We had exactly 7 days to raise $6100 so we could say "yes!" to our precious Caleb.
God did it in 5!!
Of course He did!!
I wish I could say that the whole time I was praying and updating my Facebook status with where we were, that I knew that it was going to come in, I wish I could say that I never let it stress me out, because after all God is the one who owns it all, but I can't.
This weekend I went to the once a year Homeschool convention. My friend and I planned and payed for it months ago, so there was no backing out. I am so glad that I went. I will blog more about it later, but it was a wonderful distraction.
On Friday I was really having a hard time. Between some of the negativity that people were saying on top of me all ready feeling insecure, I was losing it. It was all sin of course and I was desperately trying to give it to God. After all there was nothing that I could do to make people give. I didn't want anyone to feel like they had to anyway, but I was worried it would not come in.
Thankfully God had me run into a wonderful lady named Mary. She has this wonderful gift of encouraging and rebuking you at the same time. I just laid everything out for her. Not just my fears with the money but also all the changes that God was making to our home schooling (will blog more later) and other things. Everything just came at me at once and before you know it my joy was gone. And then since my joy was gone I was even more upset that I would allow that to be taken from me..... Hello....I have waited over a year to find out who our son was and I was not even enjoying it!!!

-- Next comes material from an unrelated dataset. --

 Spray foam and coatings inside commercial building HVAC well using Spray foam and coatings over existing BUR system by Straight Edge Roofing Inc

After she basically told me that I was living in sin I thanked her for loving me in that way and I went outside to pray. I just needed to let it all go and at that very moment. thanks to Lord, I did.... Finally! My joy was back and I was able to not just enjoy the fact that I will be a mother to five kiddos, I was also able to have my heart open to receive all that God was showing me during the convention.
Because of the Lord working through all of you, we are able to send in the paper work and the money to say Yes to our Caleb. We are waiting for the money from paypal to hit our account and then off it will go. What an amazing feeling.

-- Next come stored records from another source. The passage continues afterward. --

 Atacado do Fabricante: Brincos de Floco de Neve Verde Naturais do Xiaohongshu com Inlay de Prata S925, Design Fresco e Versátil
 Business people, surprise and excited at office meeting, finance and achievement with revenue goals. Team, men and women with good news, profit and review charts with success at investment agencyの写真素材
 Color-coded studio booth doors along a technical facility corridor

So many of you wrote us thanking us for allowing you the opportunity to be apart of this. Only God!
So many of you gave out of your poverty. You gave knowing you had to pull it from somewhere else, like groceries or bills. Only God!
So many of you prayed and were spreading the word and you have no idea who we are. Only God!
We prayed that we would not be in this situation when we received our referral. We prayed that we would not have to ask people over and over again to help us. Yet, God had other plans and I am thankful that He chose this route for us. Watching all that He did made me fall on my knees in worship. How could you all see my status and the money keep dropping and not praise Him?
I am truly in awe of His faithfulness.
I wish I was a women of amazing words so that you could feel what we are feeling and so that we could properly thank each and everyone of you.
Every single person that gave will be on the back of our puzzle for Caleb. I have not had the time to put it all together but I will take a picture when it is all done.
From the bottom of our hearts THANK YOU!!!
Thank you Jesus for calling us down this road of having another one of your precious children in our home. I am so undeserving of any of your goodness and yet, you continue to bless me anyway. Thank you Lord for this amazing humbling experience. May you have the Glory and Honor forever. Amen!
I can't wait to tell you more about what God has done. Today was incredible! I will blog more later.